Loin des coulisses techniques plongées dans l'obscurité, les incarnations sont au bord de la pelouse, en pleine lumière. De quoi en intimider certains, comme Walid Acherchour. Intervenant régulier dans l'After Foot sur RMC, réputé pour son franc-parler, il vient d'être recruté pour occuper un rôle de consultant au sein d'un trio de commentateurs. Il découvre le Vélodrome pour la première fois de sa vie. "C'est gigantesque, un bonheur, un rêve qui devient réalité", confie-t-il. Mais le chroniqueur peut-il déployer toutes ses critiques au sein d'un groupe qui paye 400 millions par an les droits de la Ligue 1 ? Réponse du tac au tac. "C'est pour ça que je suis venu, on me laisse autant de liberté qu'ailleurs. Mon rôle est d'avoir un avis différent, quand on est déçu on le dit, quand c'est extraordinaire on le valorise aussi. Je suis l'homme qui est sans filtre, je dirai toujours ce que je pense mais je ne vais pas m'enfermer dans une caricature, je ne vais pas dézinguer pour dézinguer..." À côté de lui, un homme bien plus rodé à l'exercice médiatique et au contexte marseillais.
Nouvelle tactique
Benoît Cheyrou savoure ses retrouvailles avec son ancien jardin. "Je joue à domicile, sourit-il. Ça me fait toujours quelque chose de revenir ici." Pour sa première chez DAZN, il doit jongler avec une nouvelle disposition tactique puisqu'il est aux commentaires en trio avec Colange et Acherchour. "Une mécanique différente, mais intéressante", note-t-il tout en avouant être content "d'avoir pu voir les autres le faire lors de la première journée." Dans cette profusion de journalistes et de consultants - ils sont cinq à intervenir au cours d'une rencontre - le risque de foire d'empoigne existe. "Il n'y a pas de concurrence. On ne va pas jouer des coudes mais se faire des passes décisives", assure Godillon, Bouabdellah en profite également pour filer la métaphore footballistique. "Il faut sentir le jeu, c'est comme les joueurs, on doit sentir le commentaire, mais ça passe bien, distille ce dernier, la voix couverte par les décibels du stade.

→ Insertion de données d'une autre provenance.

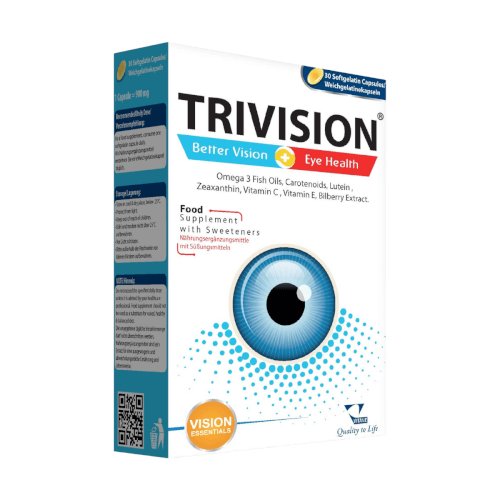 Vitane Pharma Trivision 30 kapsula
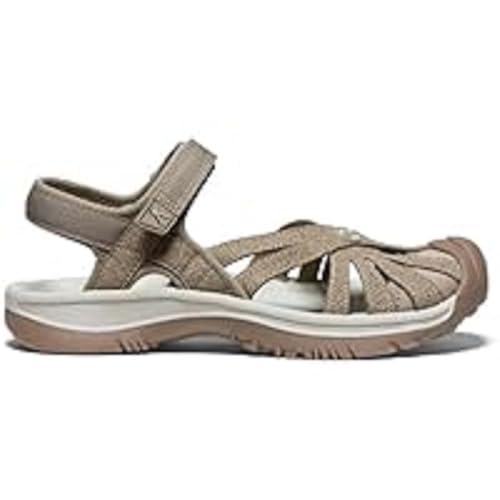 KEEN Rose Sandal - Women's Brindle/Shitake Shoe Deals Outlet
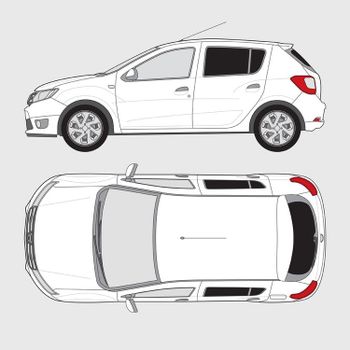 Dacia Sandero | 2012-2020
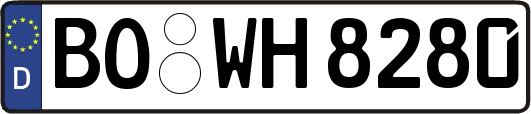 BO-WH8280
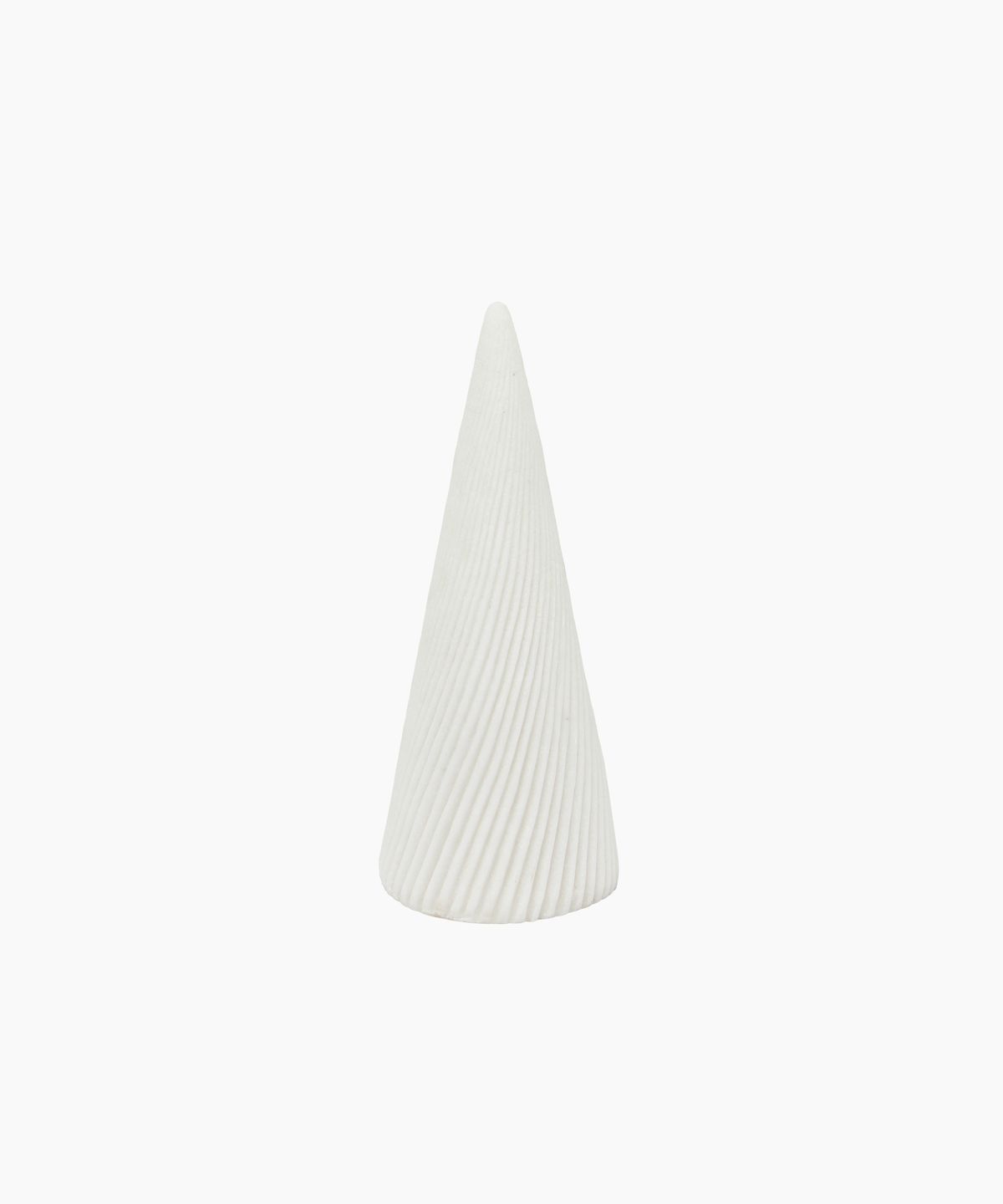 Spiral Cone Tree Light Up Small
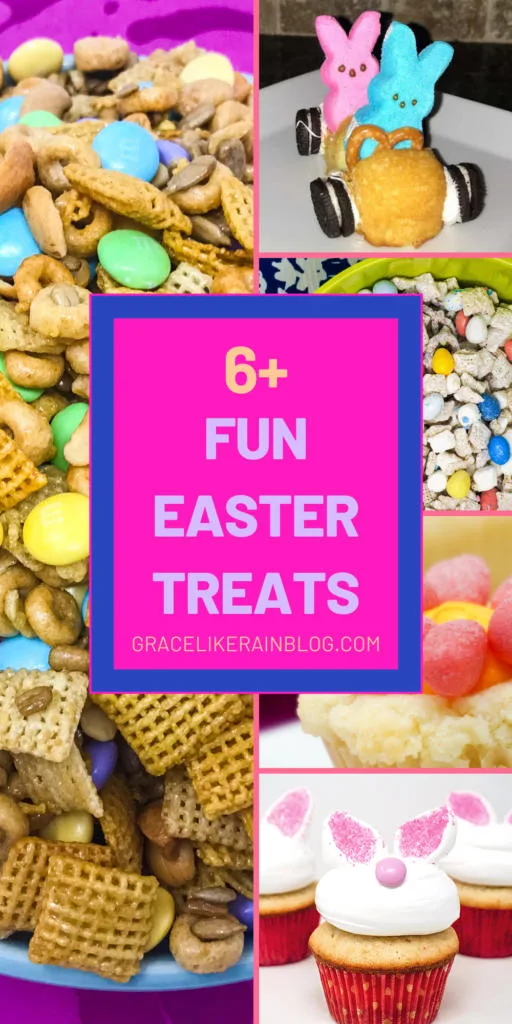 Fun Easter Treats for Kids
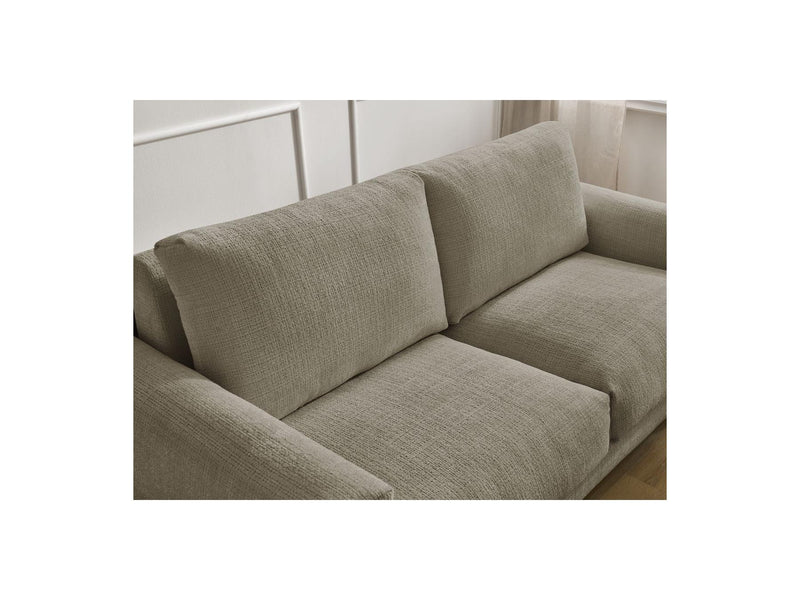 Canapé Droit Convertible - Nouveau Cocoone - Tissu Texturé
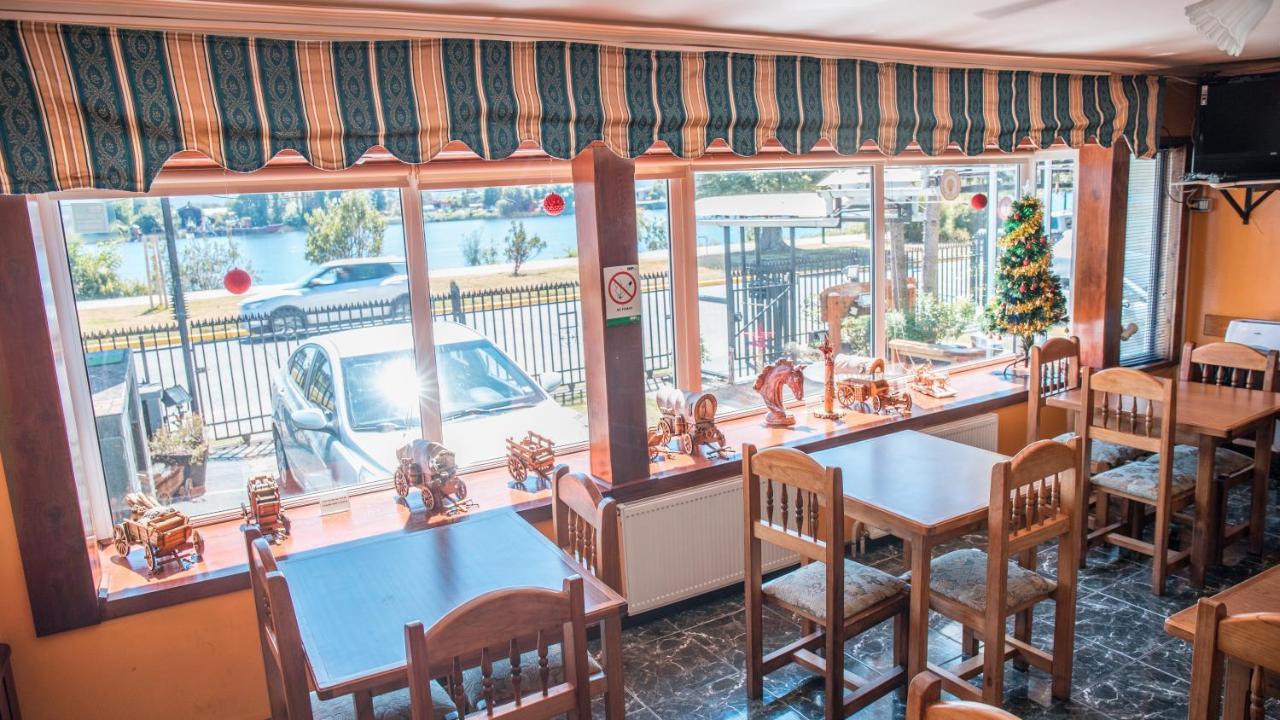 מלון Montepiedra Costanera וולדיביה מראה חיצוני תמונה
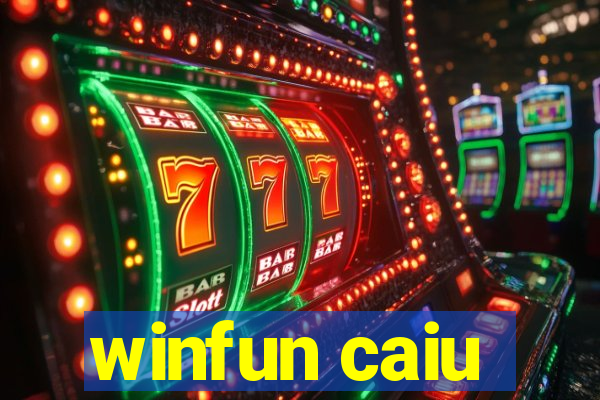 winfun caiu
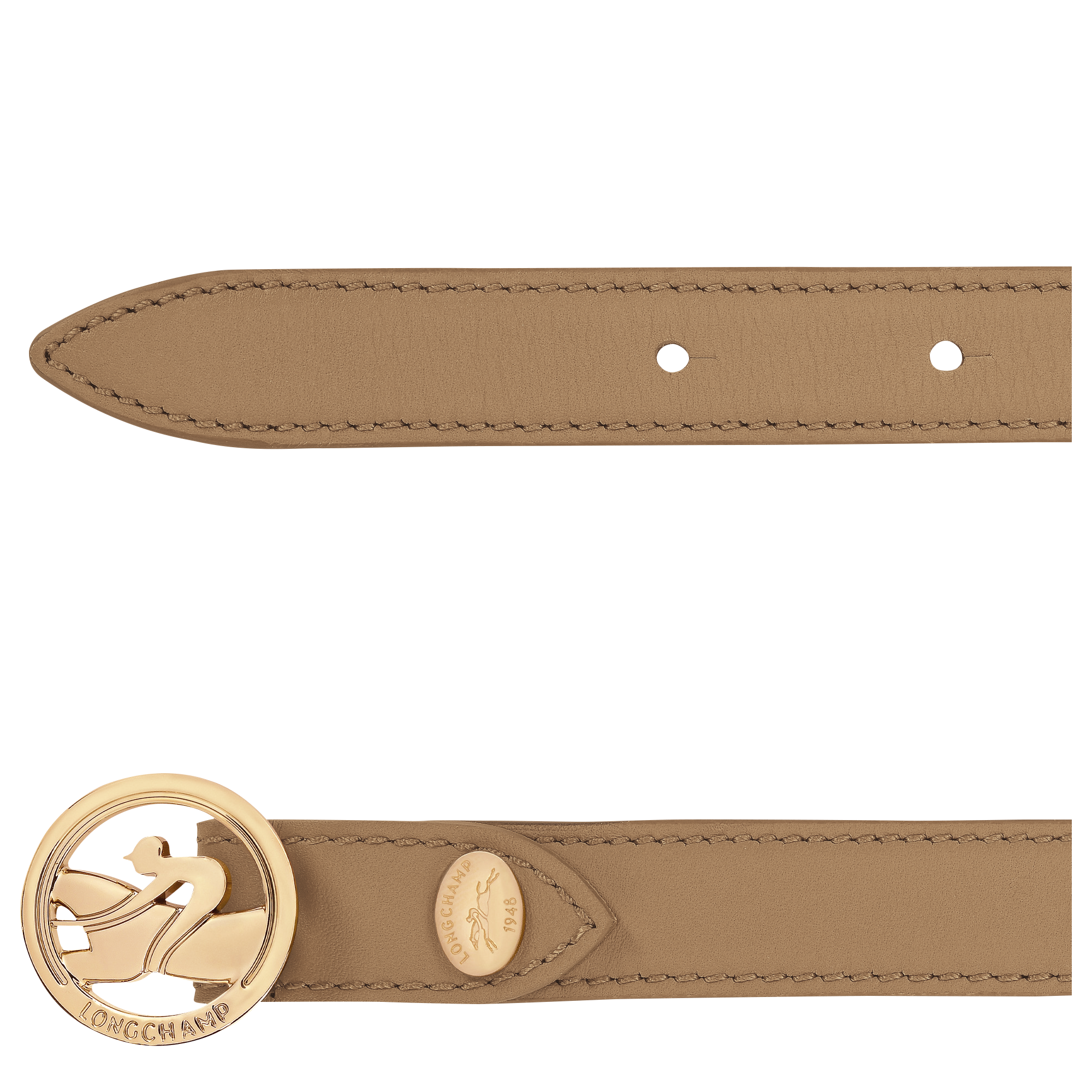 La cintura Longchamp Ladies' La Médaille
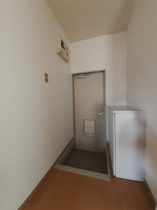 玄関です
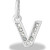 Inspiration "V" DaVinci Bead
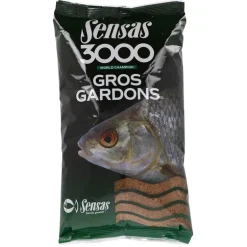 Amorce coup sensas 3000 gros gardons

Plus on va être en difficulté à cause du bruit du Vélodrome mieux ce sera, ce n'est pas grave, ça ne me dérange pas."
Dans un média où le storytelling est assumé et revendiqué, où l'on insiste sur la proximité entre les fans et les acteurs d'une rencontre, au risque de voir les intervenants jouer les utilités afin de passer uniquement les plats, et les questions d'un tchat (la fameuse "fan zone"), la place laissée à la parole journalistique n'est pas évidente. "Le journaliste est au service des fans, il doit relater, raconter, développer les sujets qui intéressent les fans, ce n'est pas un remplacement mais une extension", assume Stefano Bernabino, directeur des contenus et de la production. Chose faite au cours d'OM-Reims.
L'expérience DAZN, qui diffusera encore 25 matches des Olympiens cette saison, a-t-elle séduit ses supporters ? Et surtout, a-t-elle déclenché des abonnements alors que la polémique autour des tarifs pratiqués par le "Netflix du sport" ne désenfle pas depuis le début du championnat (39,99 € par mois sans engagement ou 29,99 € par mois pour un engagement sur 12 mois, Ndlr) et que les achats d'IPTV explosent ? Aucun chiffre n'a été communiqué, encore moins celui des audiences. La plateforme devra multiplier ces soirées, et surtout abaisser ses tarifs, pour convaincre les aficionados de troquer un bon repas au restaurant contre un abonnement.